In the 36 years since the California Standard Practice Manual (CaSPM) was first released, cost-effectiveness testing has spread across the country following the growth of utility customer-funded energy efficiency. The California tests have been adopted by utilities, consultants, regulatory commissions and legislators to determine whether an energy efficiency measure or program is worth pursuing and whether a completed program performed as expected. Fundamentally, a cost-effectiveness test measures the total benefits divided by the total costs, and passes if the ratio is greater than or equal to 1.0.
Over the course of three and a half decades, cost-effectiveness testing for energy efficiency has become so ubiquitous that we have almost stopped paying it much attention. “Did it, or didn’t it pass the cost-effectiveness test?” That seems to be the first and last question that many people ask.

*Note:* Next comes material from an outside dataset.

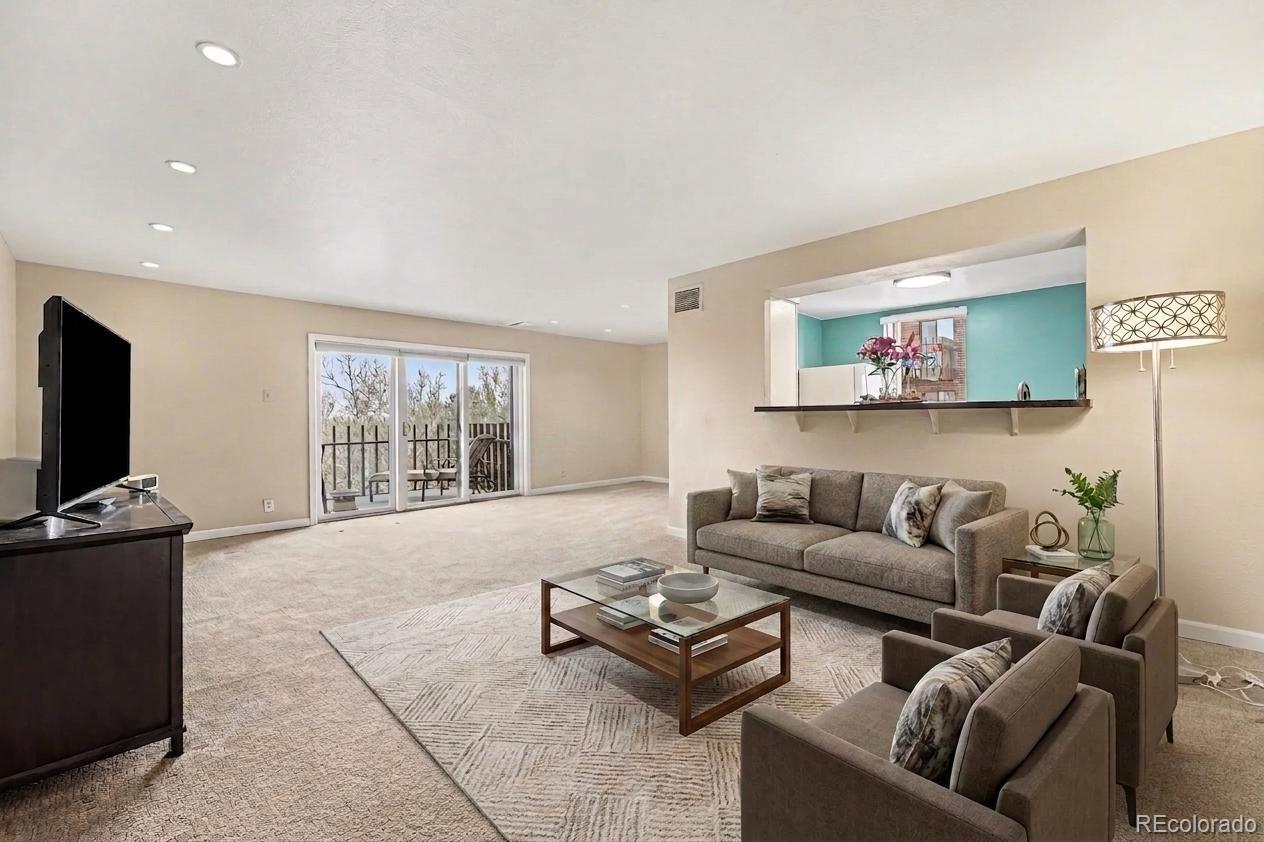 MLS Image #2 for 460 s marion parkway 753,denver, Colorado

As the energy industry and markets change, the energy efficiency industry needs to be asking more questions. The National Efficiency Screening Project (NESP) is a group of energy efficiency experts formed to ask deeper questions about cost-effectiveness – questions like “What benefits and costs are we actually measuring and including in the tests?” and “Do the standard tests actually tell us what regulators and utilities need to know?”.

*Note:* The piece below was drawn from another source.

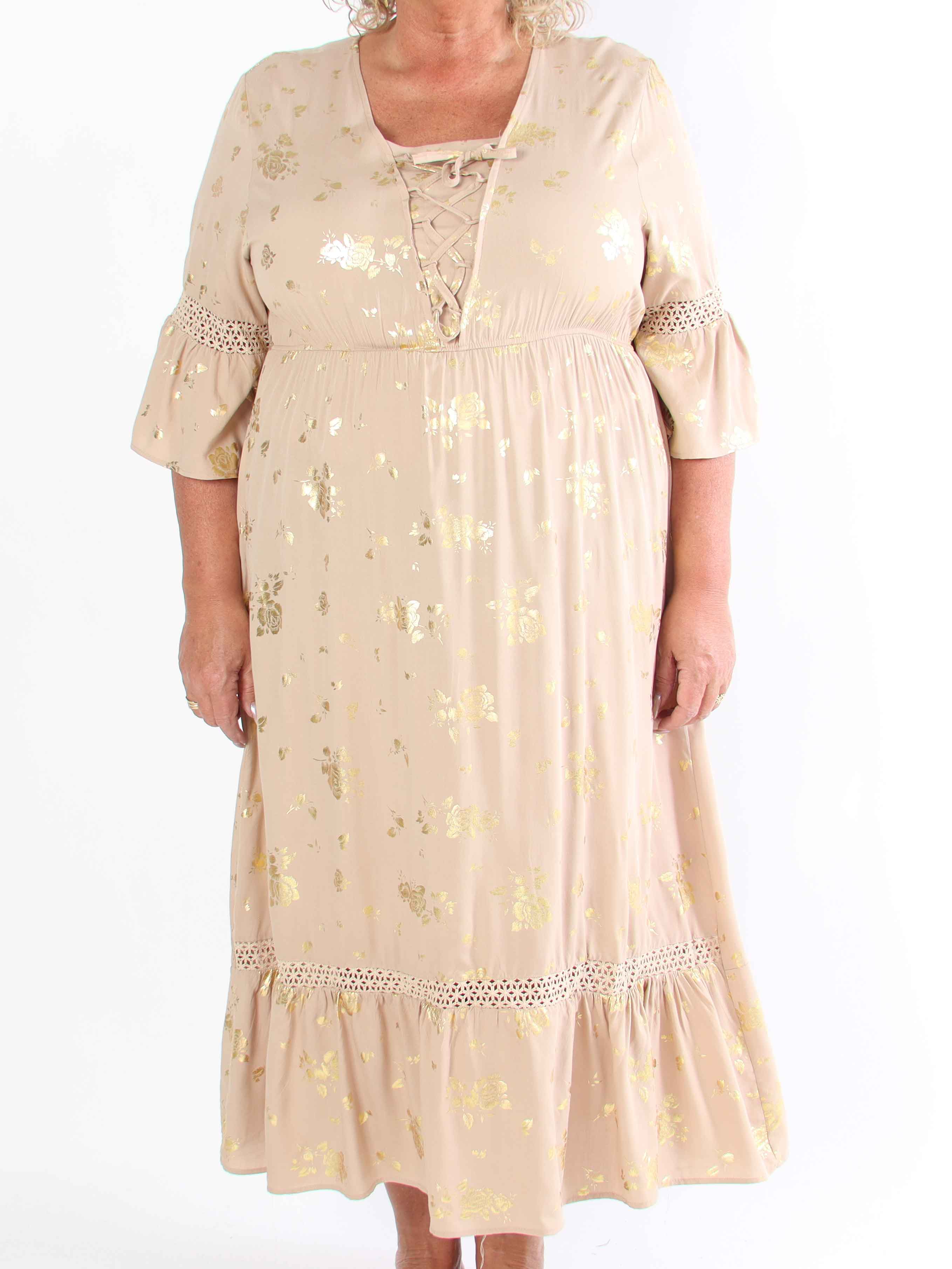 Pernilla - Klänning med guldfärgade blommor och broderier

Several key resources have come out of the NESP effort:
- The National Standard Practice Manual (NSPM) for Energy Efficiency – a guide to cost-effectiveness testing that provides a framework for determining the policies and goals of a jurisdiction and developing a test that measures whether a resource will help accomplish those goals
- The Database of State Efficiency Screening Practices (DSESP) – a database of the utility system, participant and other non-utility benefits and costs that states are currently incorporating into their cost-effectiveness testing.
- The NSPM for Distributed Energy Resources – an extension of the NSPM for EE to include a framework for developing a common cost-effectiveness testing practice for all DERs including efficiency (forthcoming mid-2020)
E4TheFuture has posted a blog reviewing 2019's NSPM activities and looking ahead to 2020. We have previously discussed the NSPM in this blog and have presented information about the framework to stakeholders across the region. Now that the DSESP has been completed for all of our states, MEEA is holding a webinar to do a deeper dive into how cost-effectiveness of energy efficiency is being measured in the Midwest.
One of the categories of impacts identified in the NSPM & DSESP is the Utility System Impacts. These impacts are the “core” of cost-effectiveness testing and are included in the calculation of all of the California tests. So no matter if the state has defined their primary test as the total resource cost test (TRC), the program administrator cost test (PAC; formerly known as Utility Cost Test, UCT) or the societal cost test (SCT), these impacts could all be included as part of that test – and in the ‘perfect’ model test, all of them would be. However, that common consideration could mislead some to believe utility system impacts are universally represented in each state’s testing regime. In practice, as with most things in the world of energy efficiency cost-effectiveness testing, it is far more complicated than one might assume.
The NSPM framework identifies fifteen core utility system impacts:
- The utility portion of measure costs
- The program administrator’s costs for running the program
- The costs of evaluation, measurement & verification of savings (EM&V)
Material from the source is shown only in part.